## Exercise instructions
Repeat every record below exactly, but leave out any pictures.

## Records provided
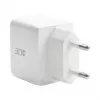 Conjunto de carregador USB-C GaN 30W EFB Elektronik G301CE com cabo USB-C de 2m, branco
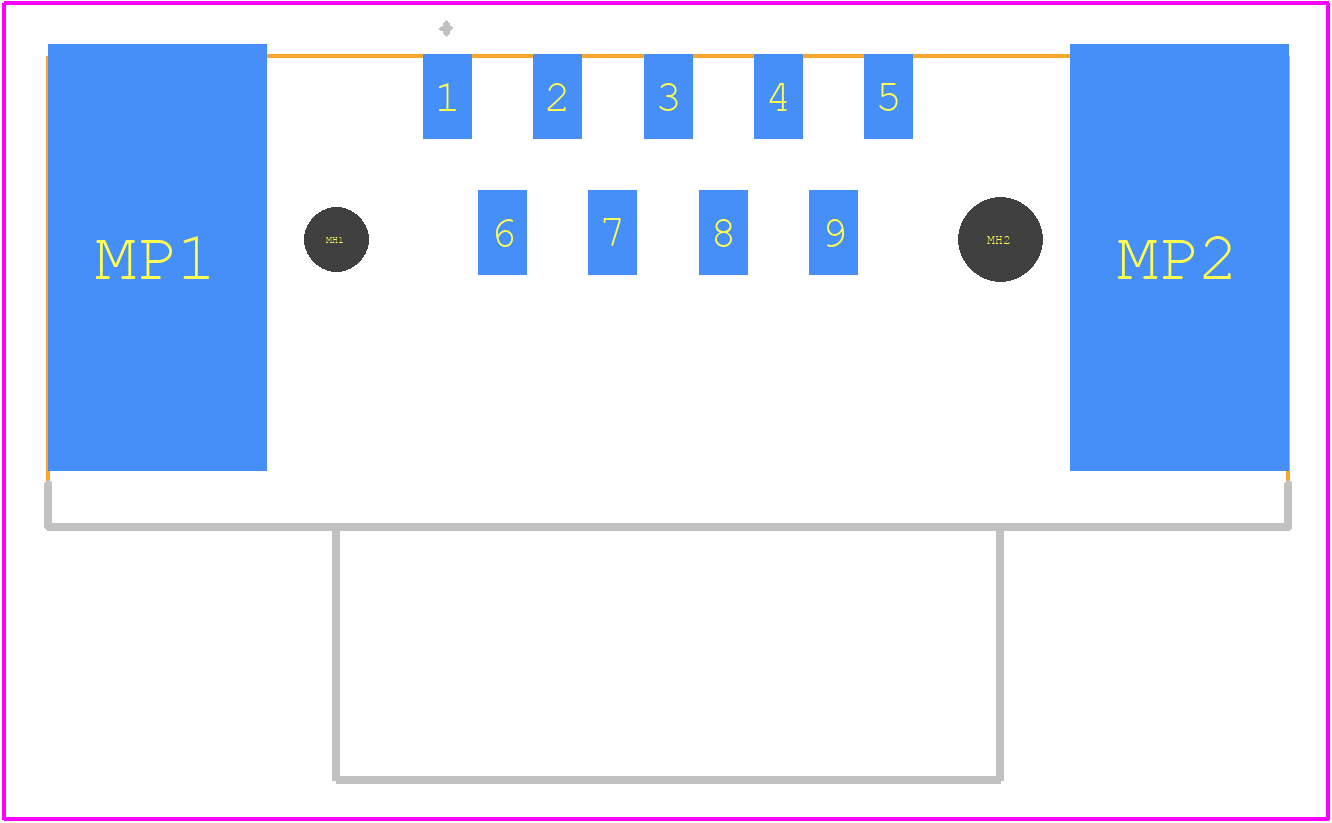 09551563612741 - HARTING PCB footprint - Other - Other - 09551563612741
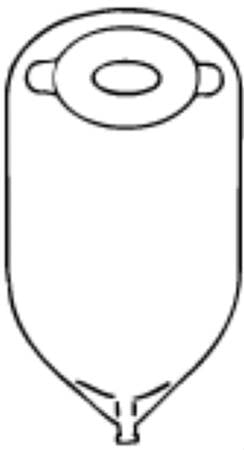 Urostomy Pouch 11 Inch Length Oval B, Convex, Pre-Cut 1-1/8 to 2 Inch Stoma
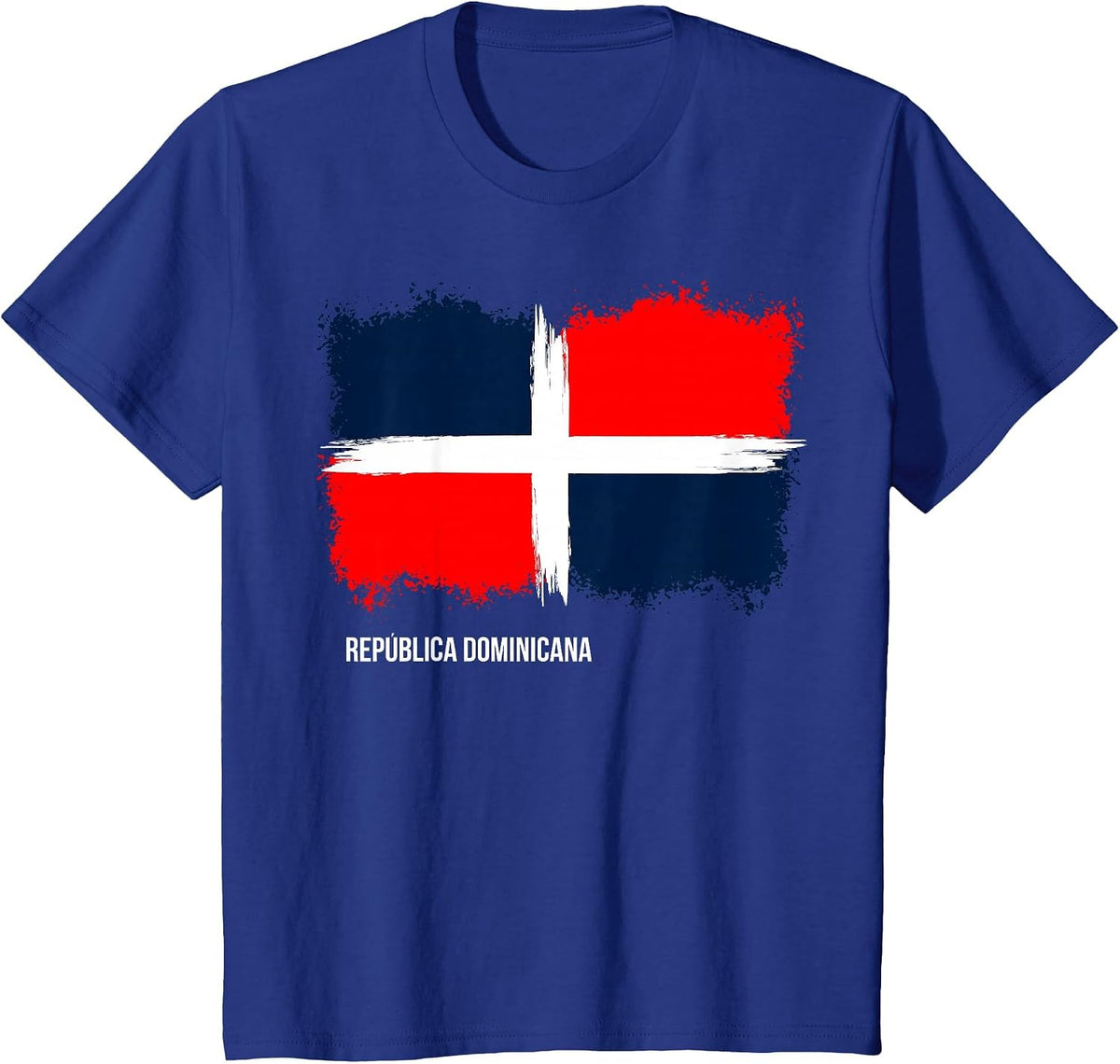 Boy, Girl, Men and Women Country Flag of Dominican Republic T-Shirt - Royal Blue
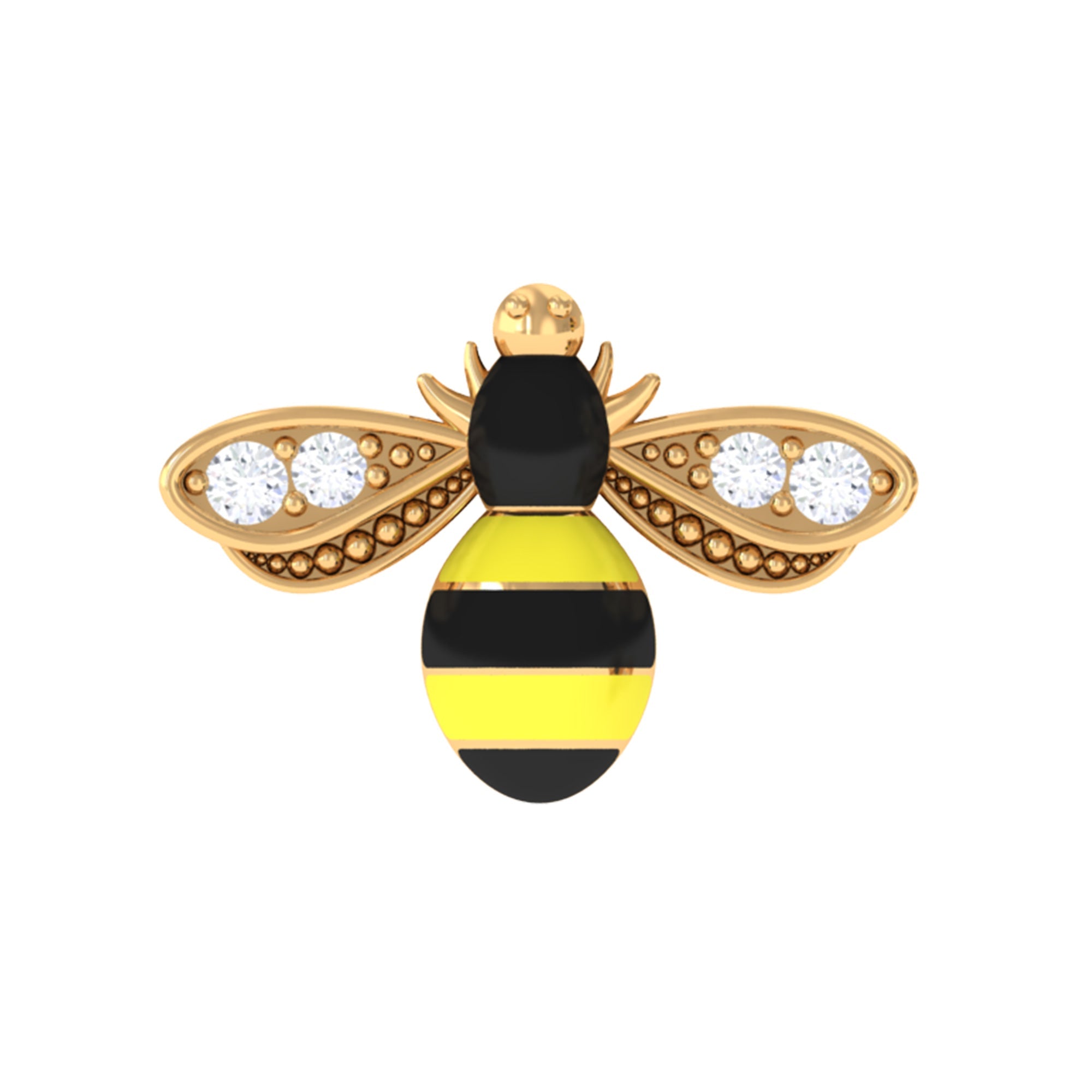 Natural Diamond Honey Bee Cartilage Earring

## Expected output
 Conjunto de carregador USB-C GaN 30W EFB Elektronik G301CE com cabo USB-C de 2m, branco
 09551563612741 - HARTING PCB footprint - Other - Other - 09551563612741
 Urostomy Pouch 11 Inch Length Oval B, Convex, Pre-Cut 1-1/8 to 2 Inch Stoma
 Boy, Girl, Men and Women Country Flag of Dominican Republic T-Shirt - Royal Blue
 Natural Diamond Honey Bee Cartilage Earring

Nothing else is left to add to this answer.